AIM OF THE EXERCISE> A faithful transcription of all the data is required.

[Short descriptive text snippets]
···

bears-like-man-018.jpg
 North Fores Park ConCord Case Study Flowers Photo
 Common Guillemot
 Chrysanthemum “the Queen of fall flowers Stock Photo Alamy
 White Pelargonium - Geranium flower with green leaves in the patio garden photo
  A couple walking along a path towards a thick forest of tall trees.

···

OUTPUT BELOW>
bears-like-man-018.jpg
 North Fores Park ConCord Case Study Flowers Photo
 Common Guillemot
 Chrysanthemum “the Queen of fall flowers Stock Photo Alamy
 White Pelargonium - Geranium flower with green leaves in the patio garden photo
  A couple walking along a path towards a thick forest of tall trees.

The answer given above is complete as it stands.